This Excel portfolio project analyzes 2012 U.S. workplace safety data by state and builds a composite risk score using fatality rates, injury and illness rates, inspection capacity, and penalty levels.
The purpose is not to prove causation. The purpose is to demonstrate practical analyst judgment: define usable metrics, clean and summarize public data, rank operational risk, and communicate limitations clearly.
| Area | Detail |
|---|---|
| Dataset | 2012 U.S. workplace safety data by state |
| Tools | Excel, CSV, KPI design, composite scoring |
| States analyzed | 50 |
| Main output | State-level workplace safety risk ranking |
| Top composite-risk state | West Virginia — 84.5 |
| Highest fatality-rate state | North Dakota — 17.7 |
| Best-fit roles | Data Analyst, Reporting Analyst, Operations Analyst, Program Analyst, Public-Sector Analyst |
Which U.S. states appear to have the highest workplace safety risk when fatalities, injuries, inspection delay, and penalty levels are considered together?
| File | Purpose |
|---|---|
Scott's workplace safety analysis.xlsx |
Original analysis workbook |
workplace_safety_summary.xlsx |
Summary workbook for portfolio review |
cleaned_state_data.csv |
Cleaned analytical dataset |
summary_kpis.csv |
Headline KPI output |
top10_risk_states.csv |
Ranked high-risk states |
correlation_matrix.csv |
Correlation output |
Data Analytics Career Simulation Report.docx |
Supporting written report |
docs/project_summary.md |
Recruiter-readable project summary |
- Injuries per Fatality = injuries and illnesses / fatalities
- Relative Fatality Rate vs.

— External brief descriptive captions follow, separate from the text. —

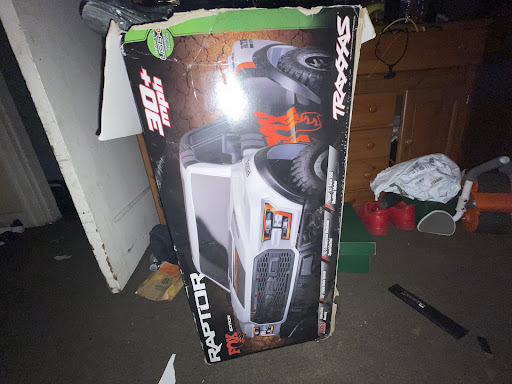 Delta RC Hobbies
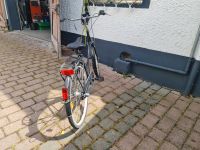 Damen Fahrrad Prophet Classic 28 Zoll Rheinland-Pfalz - Alsheim Vorschau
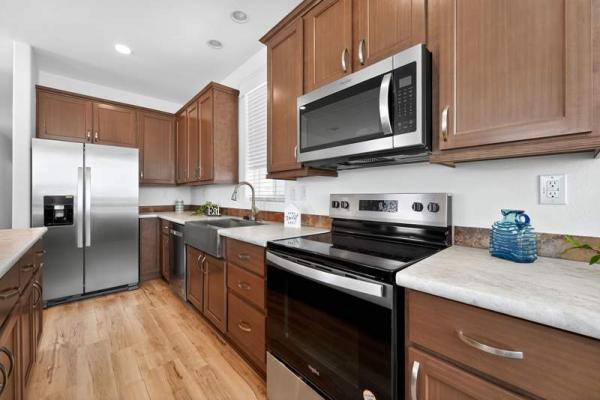 2025 Cavco/Durango Manufactured Home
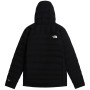 Мъжко яке The North Face M Abseil Stretch Down Hoodie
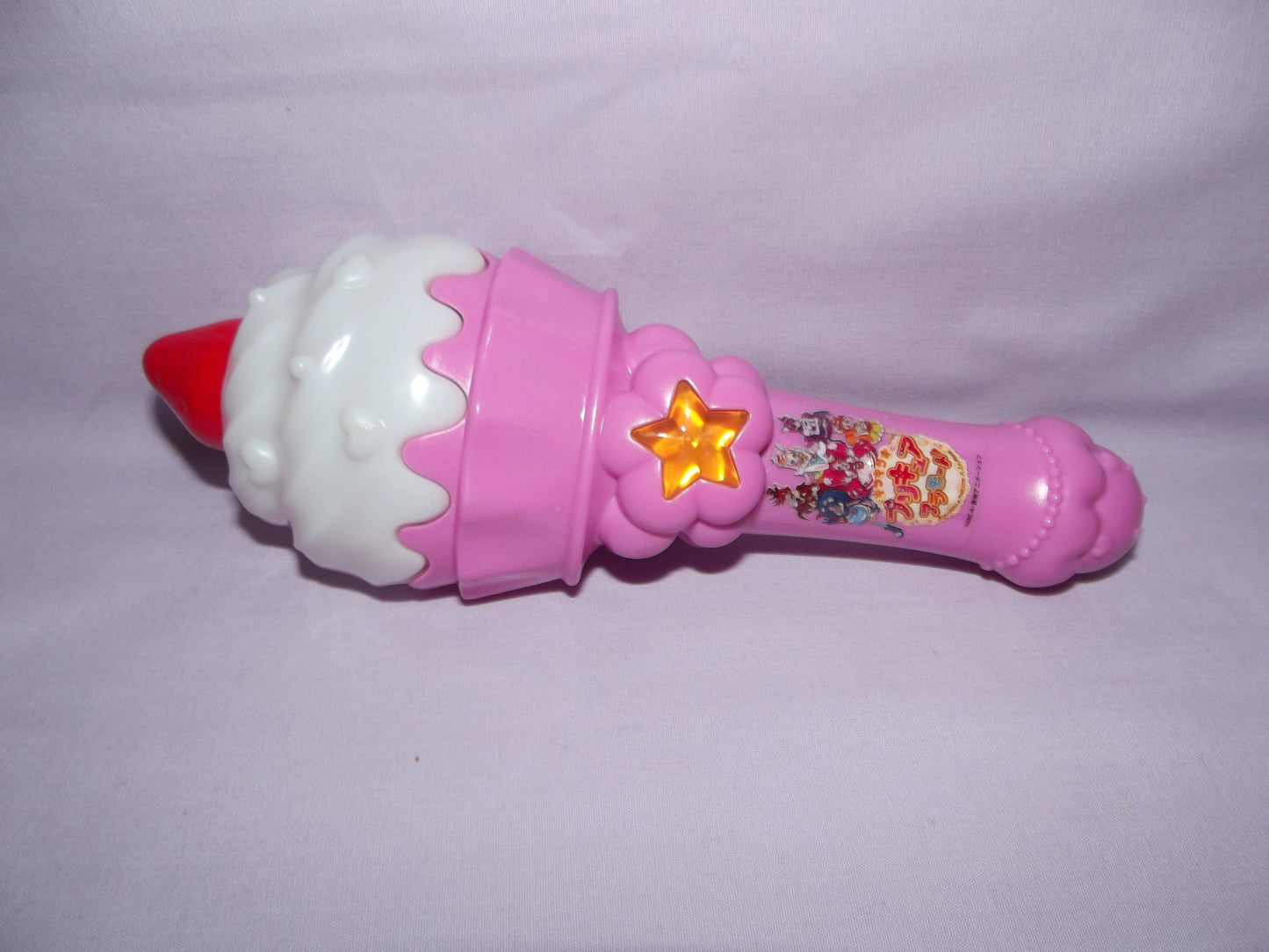 KiraKira Precure A La Mode Light Up Toy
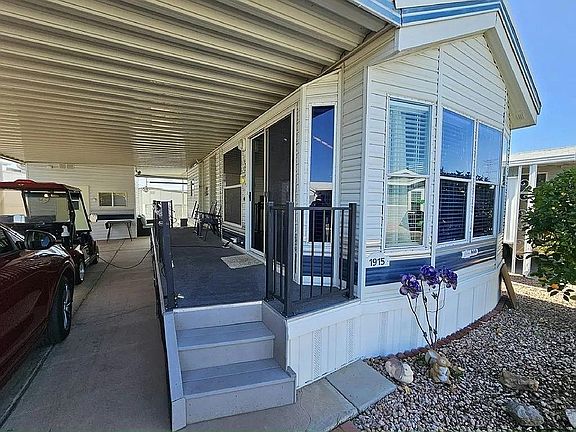 4th image of 8700 E University Dr Unit 1915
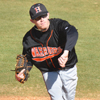 Warriors Roll Past Eagles 19-11
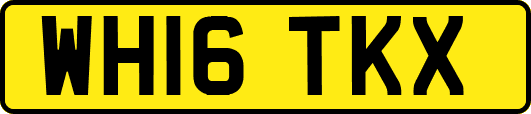 WH16TKX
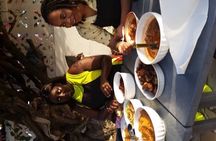 7-Day Private Cultural and Heritage Tour in Ghana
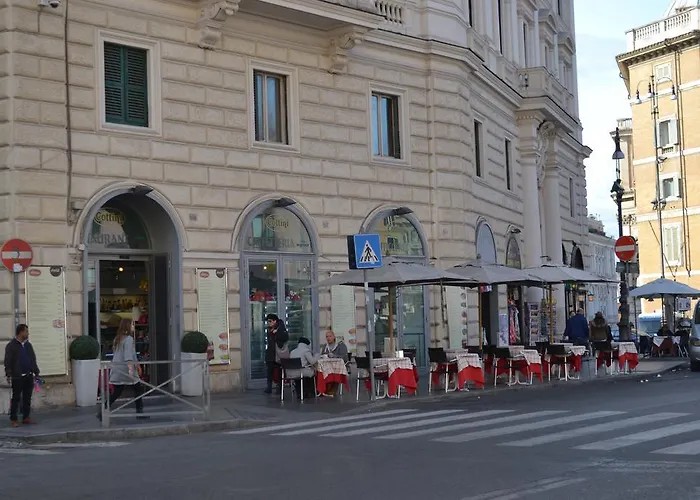 Arthouse Termini
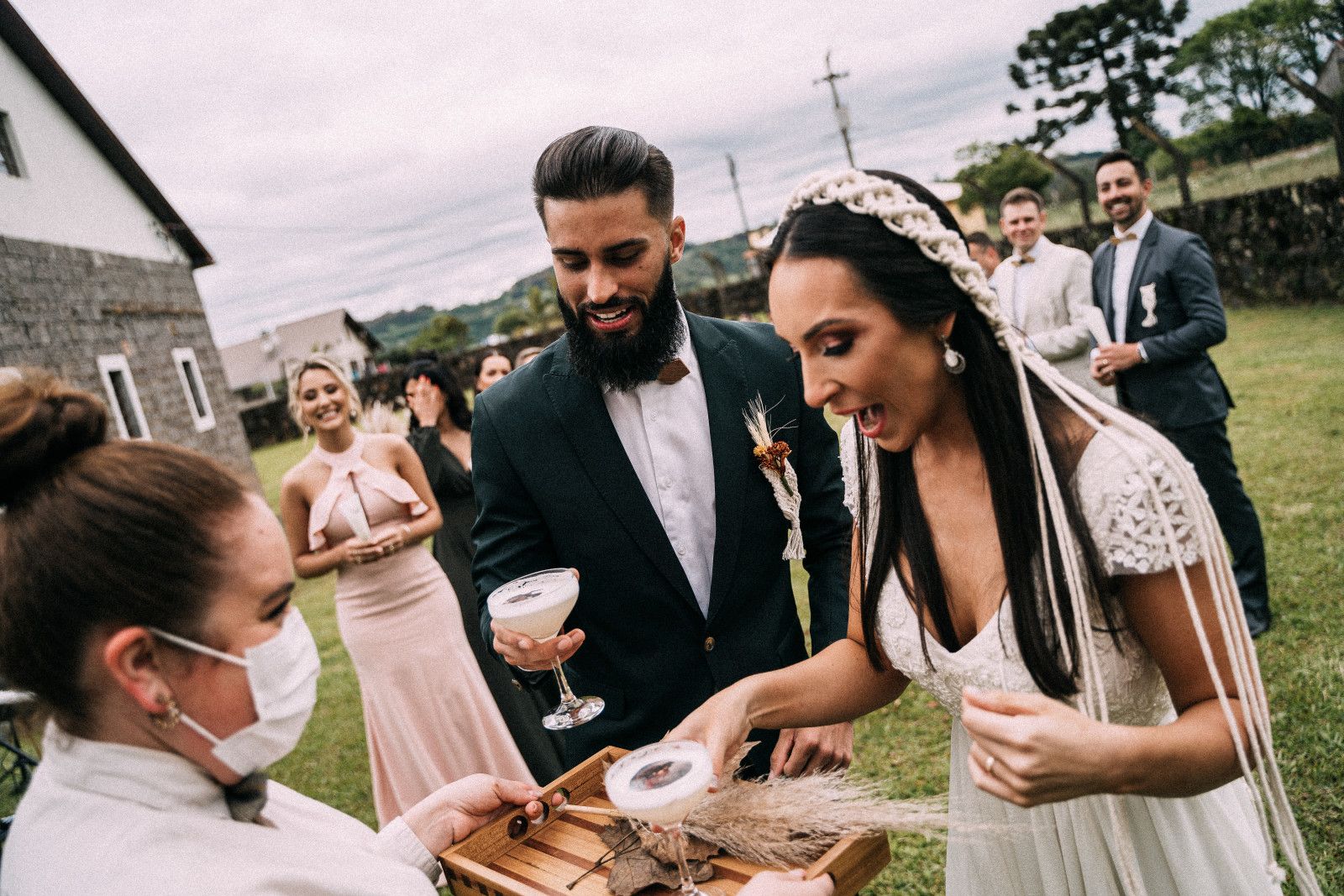 Casamento em Bento Gonçalves - 2 - 141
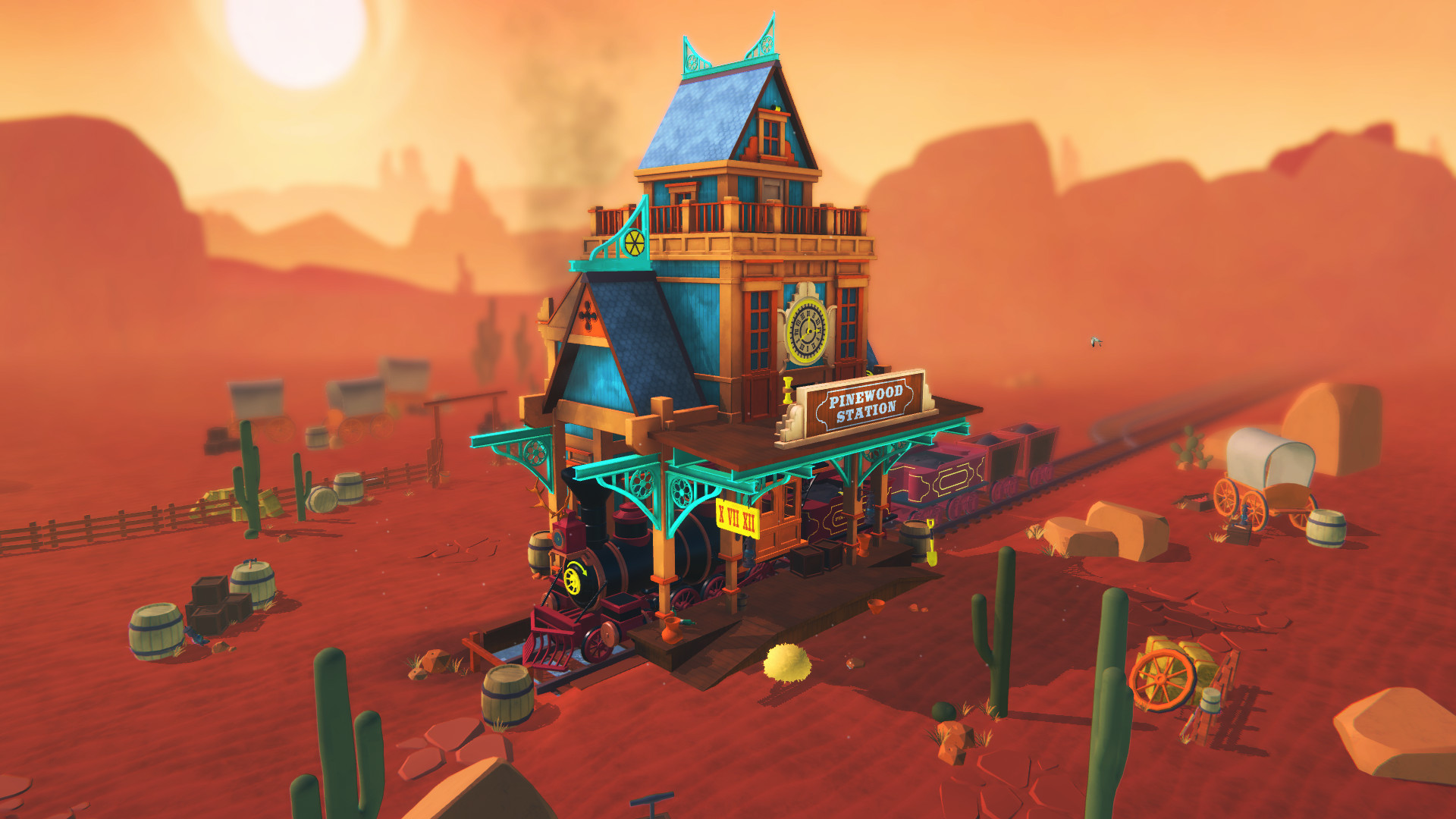 时空里的猫/Cats in Time(图8)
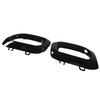Exhaust Tip Cover Trims Bezel Fit For Benz GLC GLE GLS?Class X253 C253 W167 V167 C167 X167 AMG Line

U.S. = state fatality rate / U.S. fatality rate
- Risk Score =
0.40 × fatality-rate percentile
+ 0.25 × injury-rate percentile
+ 0.25 × inspection-delay percentile
+ 0.10 × inverse-penalty percentile
Higher Risk Score means a state appears riskier relative to peers based on the selected incident-rate and inspection-capacity indicators.
| Metric | Result |
|---|---|
| States analyzed | 50 |
| U.S. fatalities, 2012 | 2,814 |
| U.S. fatality rate | 3.4 |
| U.S. injuries and illnesses | 1,761,200 |
| U.S. injuries per fatality | 625.9 |
| Median state fatality rate | 3.5 |
| Highest state fatality rate | 17.7 |
| Median years to inspect each workplace once | 111.5 |
| Longest years to inspect each workplace once | 521.0 |
| Rank | State | Risk Score | Fatality Rate | Injury/Illness Rate | Years to Inspect Once | Risk Category |
|---|---|---|---|---|---|---|
| 1 | West Virginia | 84.5 | 6.9 | 4.1 | 173 | High |
| 2 | Montana | 84.2 | 7.3 | 5.0 | 135 | High |
| 3 | New Mexico | 76.8 | 4.8 | 3.9 | 191 | Moderate |
| 4 | South Dakota | 74.2 | 6.7 | 3.5 | 521 | High |
| 5 | Iowa | 73.6 | 6.6 | 4.5 | 98 | High |
| 6 | Alaska | 72.4 | 8.9 | 4.6 | 58 | High |
| 7 | Oklahoma | 72.0 | 6.1 | 3.6 | 131 | High |
| 8 | Kentucky | 67.8 | 4.9 | 4.1 | 124 | Moderate |
| 9 | Nebraska | 67.5 | 5.2 | 3.9 | 128 | Moderate |
| 10 | North Dakota | 64.6 | 17.7 | 3.5 | 111 | High |
The composite score intentionally combines multiple indicators instead of relying on fatality rate alone. A single metric does not capture the whole operational picture.
This ranking should be interpreted as a prioritization tool, not a definitive safety ranking or causal model. It is useful for identifying states that may deserve deeper review.
This project demonstrates:
- Excel-based analytical workflow
- KPI design and metric weighting
- data cleaning and summary reporting
- risk ranking and prioritization logic
- clear communication of findings and limitations
The next improvement is to export workbook screenshots and place them in an images/ folder, such as:
images/kpi_summary.png
images/top10_risk_states.png
images/risk_score_methodology.png
Those screenshots would make the Excel workbook easier to preview without downloading it.